Of the lawyer respondents who practiced in Shanghai, 47.5 percent of them reported that they had previously worked in another city; in Beijing, 44.3 percent; and in Guangdong Province, 43.2 percent. These three locations are also the most popular destinations among the lawyer respondents who reported that they planned to practice in another city in the next five years. The notable increase in the number of migrant lawyers in China in the past decade requires a careful explanation. One reasonable hypothesis is that the patterns of lawyer migration follow the general movement patterns of Chinese migrant workers. However, our analysis of the yearbook data suggests that this is not the case.
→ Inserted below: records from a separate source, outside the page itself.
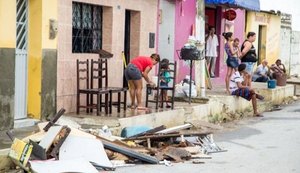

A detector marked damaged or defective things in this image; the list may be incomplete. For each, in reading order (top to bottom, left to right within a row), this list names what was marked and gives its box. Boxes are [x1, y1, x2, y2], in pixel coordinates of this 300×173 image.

broken furniture [76, 59, 110, 115]
broken furniture [91, 58, 127, 115]
broken furniture [145, 61, 176, 109]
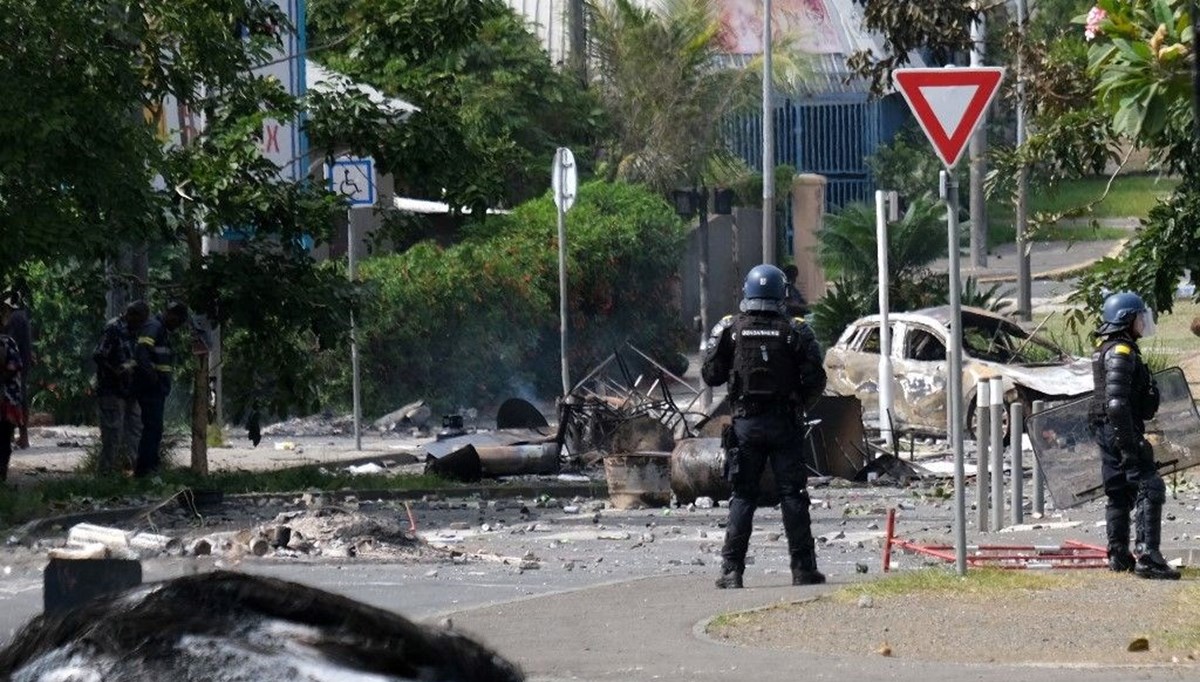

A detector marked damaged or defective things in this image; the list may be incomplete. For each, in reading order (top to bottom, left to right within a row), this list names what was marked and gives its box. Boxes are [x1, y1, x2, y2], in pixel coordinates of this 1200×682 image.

burned car [825, 304, 1099, 434]
burnt car wreck [825, 304, 1099, 434]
While Guangdong and Zhejiang are the largest receiving provinces of migrant workers in China (Fan 2008; Davin 1999),
Beijing and Shanghai are the primary destinations of migrant lawyers. Unlike workers in manufacturing or construction industries who often form large migrant communities based on their regional ties (Zhang 2001), migrant lawyers rarely cluster by their geographical origins or exclusively serve migrant workers, the majority of whom cannot afford legal services。 Instead, the main reasons for the spatial mobility of Chinese lawyers are income differentials and regulatory opportunities. The former is the primary driving force of lawyer migration, while the latter is responsible for its dramatic increase in the mid-2000s.
The disparity in income and work opportunities is the fundamental reason for Chinese lawyers’ internal migration. The income gap between lawyers in rustbelt regions and those in Beijing and Shanghai is astoundingly large.
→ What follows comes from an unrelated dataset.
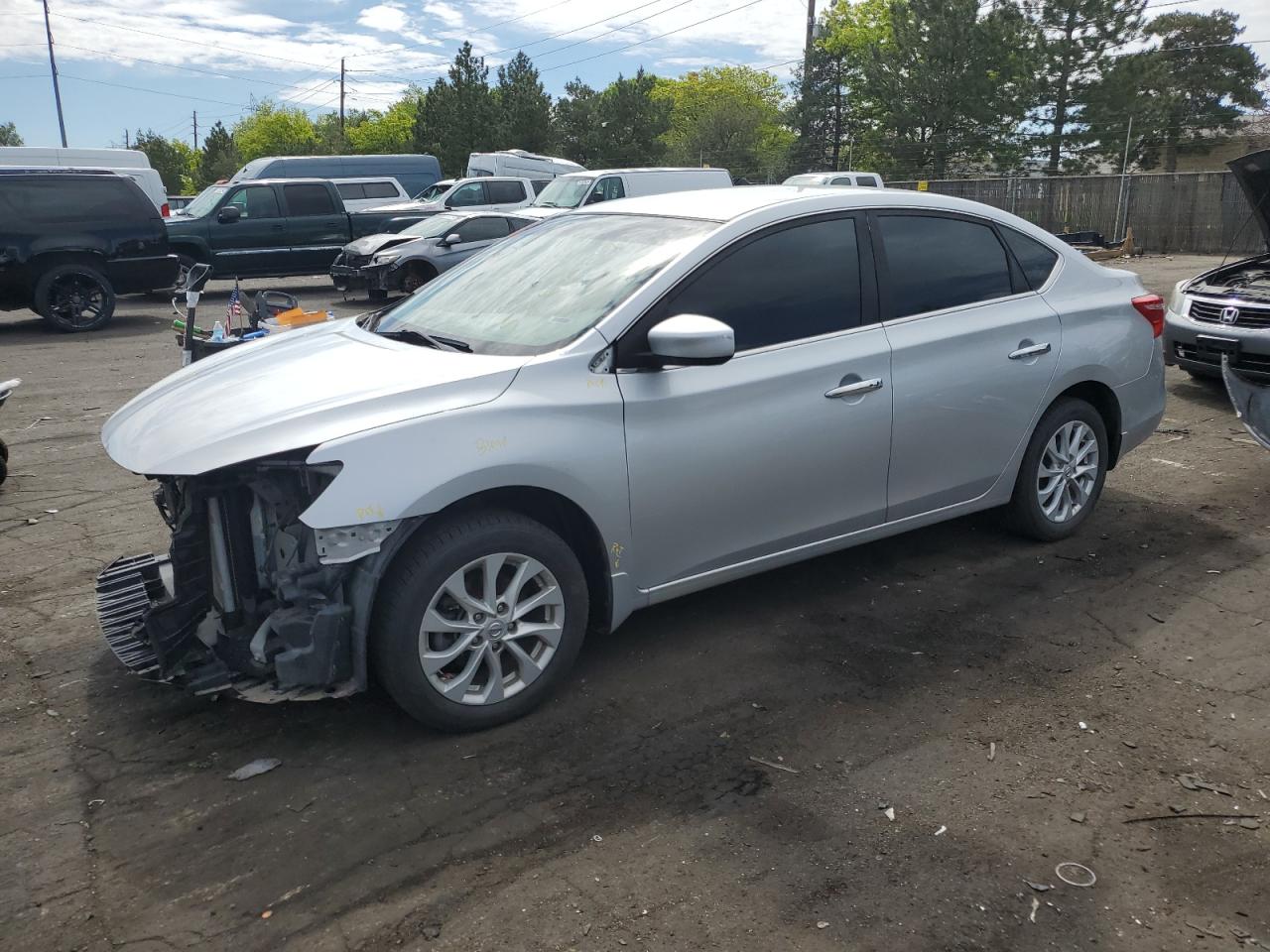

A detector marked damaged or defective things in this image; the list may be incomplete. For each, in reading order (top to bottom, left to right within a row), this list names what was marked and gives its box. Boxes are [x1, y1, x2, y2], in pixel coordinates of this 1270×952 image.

  While income differentials have always existed in the Chinese bar, the relaxation of administrative regulation on lawyers’ interprovincial mobility has directly and dramatically increased lawyer migration since the mid-2000s.
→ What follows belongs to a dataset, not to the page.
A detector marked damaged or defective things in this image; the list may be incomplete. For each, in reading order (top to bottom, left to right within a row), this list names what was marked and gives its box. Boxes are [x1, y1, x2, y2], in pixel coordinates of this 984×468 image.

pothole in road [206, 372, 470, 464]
The turning point was the promulgation of the Administrative License Law in August 2003, which states that professional licensing shall only be established by law or administrative regulation (arts. 12 and 14). Prior to this law, to be a licensed Chinese lawyer required not only passing the state judicial exam, but also an annual registration process controlled by the provincial justice bureaus, with various local restrictions constraining lawyers’ interprovincial mobility. In contrast, the Administrative License Law limits the authority of granting professional licenses to the National People’s Congress and the State Council. Provincial justice bureaus no longer have the regulatory authority to set formal restrictions on bar registration. Since the Administrative
License Law became effective on July 1, 2004, Chinese lawyers could move relatively freely from one province to another without changing their hukou or other personnel status, provided that they could find a law firm in the receiving city or province to complete the necessary registration paperwork with the justice bureaus (IN06513).7 However, it remains rare that the receiving law firm would provide the migrant lawyer with a local hukou.
The lack of residential status did not restrain migrant lawyers from flooding into major cities in the east coast. As the largest receiving city, Beijing initially welcomed migrant lawyers from all over the country.